Bir diğer örnek ise, geçmişte Cumhurbaşkanlığına yönelik tehdit içerikli yayınlara kanalında imkan sağladığı gerekçesiyle Türkiye Cumhuriyeti Berlin Büyükelçiliği tarafından akreditasyonu iptal edilen bir yayın organının temsilcisinin foruma davet edilmesi. Bu kanalın, Almanya’da FETÖ karşıtı tek belgesel yapan medya kuruluşlarını itibarsızlaştırmaya çalıştığı da biliniyor.
Dahası, dezenformasyon oturumuna katılan bir diğer kişinin, geçmişte anonim isimlerle Türk tarihindeki önemli şahsiyetlere yönelik ağır ithamlar içeren konuşmaları kamuoyunun hâlâ hafızasında taze. Böyle bir ismin “medyanın sorumluluğu” başlıklı bir oturumda yer alması ise, forumun ciddiyetini zedeleyen bir başka unsur olarak görülüyor.
Sorular Cevapsız: Seçim Kriteri Neydi?
Tüm bu örnekler, şu sorunun daha güçlü şekilde sorulmasına neden oluyor: Bu forum için Almanya’dan kimler, hangi kriterlere göre seçildi? Bu sorunun muhatabı ise açık: Berlin Basın Müşaviri Hasan Kocabıyık.

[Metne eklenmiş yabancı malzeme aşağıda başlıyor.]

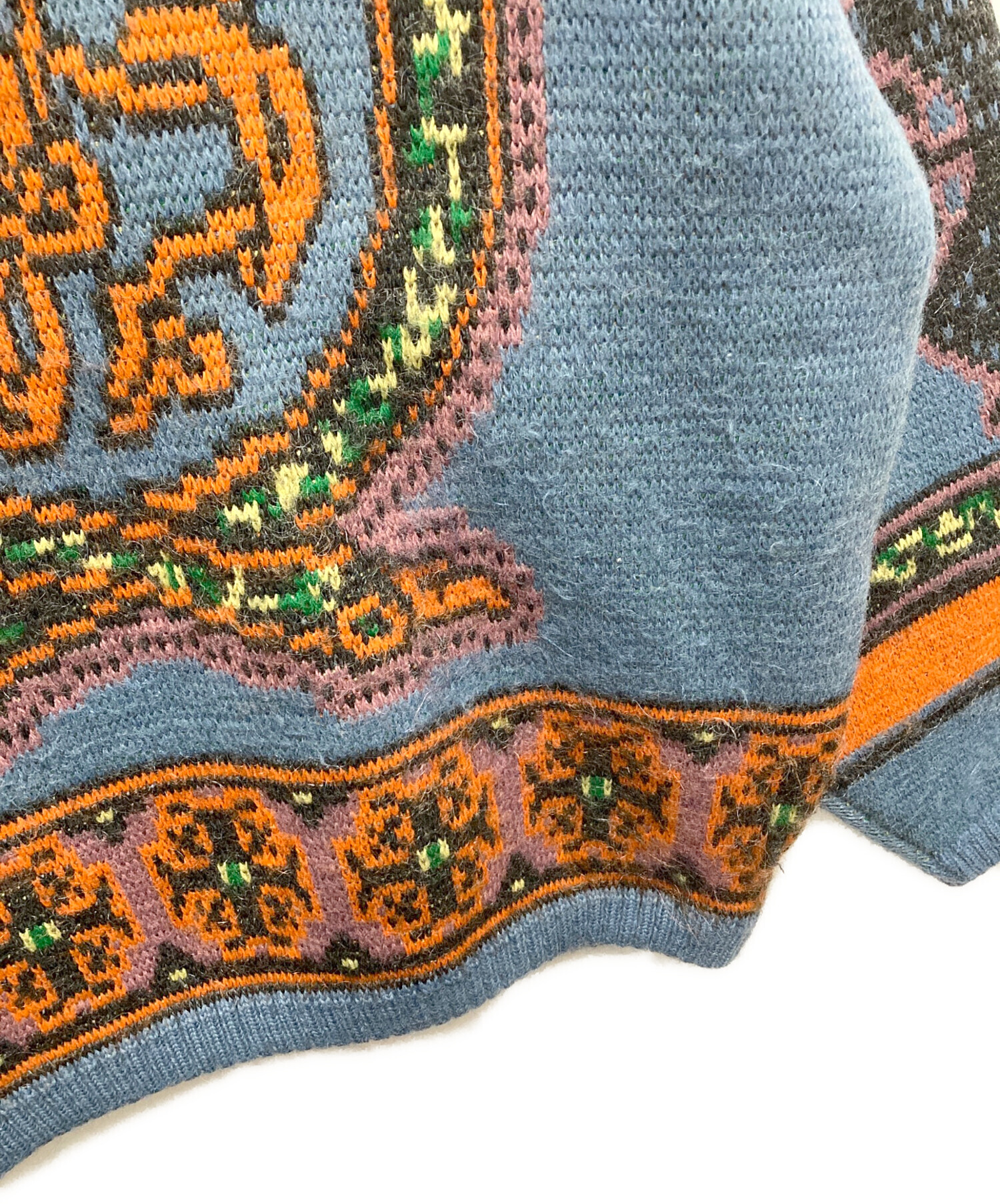 中古・古着通販】OXBOW (オックスボウ) 厚手ニット ネイビー サイズ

Almanya’daki Türk medyasının temsil kabiliyeti ciddi biçimde azalmışken, bu forum gerçekten çözüm odaklı bir adım mıydı? Yoksa yalnızca sembolik bir fotoğraf mıydı?
İlgili Haber
Almanya’da Türkçe Medyanın Çöküşü: Bir Devrin Sonu
Sonuç Bildirgesi ve Beklentiler
Forumun sonunda bir sonuç bildirgesi yayımlandı mı, yayımlandıysa diaspora medyasının somut sorunlarına dair hangi çözüm önerileri geliştirildi? Basın çalışanlarının hakları, yayın organlarının desteklenmesi, dijital dönüşüm, dezenformasyonla mücadele gibi somut başlıklarda herhangi bir adım atıldı mı?
Bu soruların yanıtları, belki de bu forumun gelecekte tekrar düzenlenip düzenlenmeyeceğini de belirleyecek.
Medya, toplumun aynasıdır. Ancak o aynada kendini görmek isteyenlerin doğru temsil edilmesi gerekir. Aksi halde, bırakın sorunları çözmeyi, yalnızca sorunların üzerini örten bir perde işlevi görür.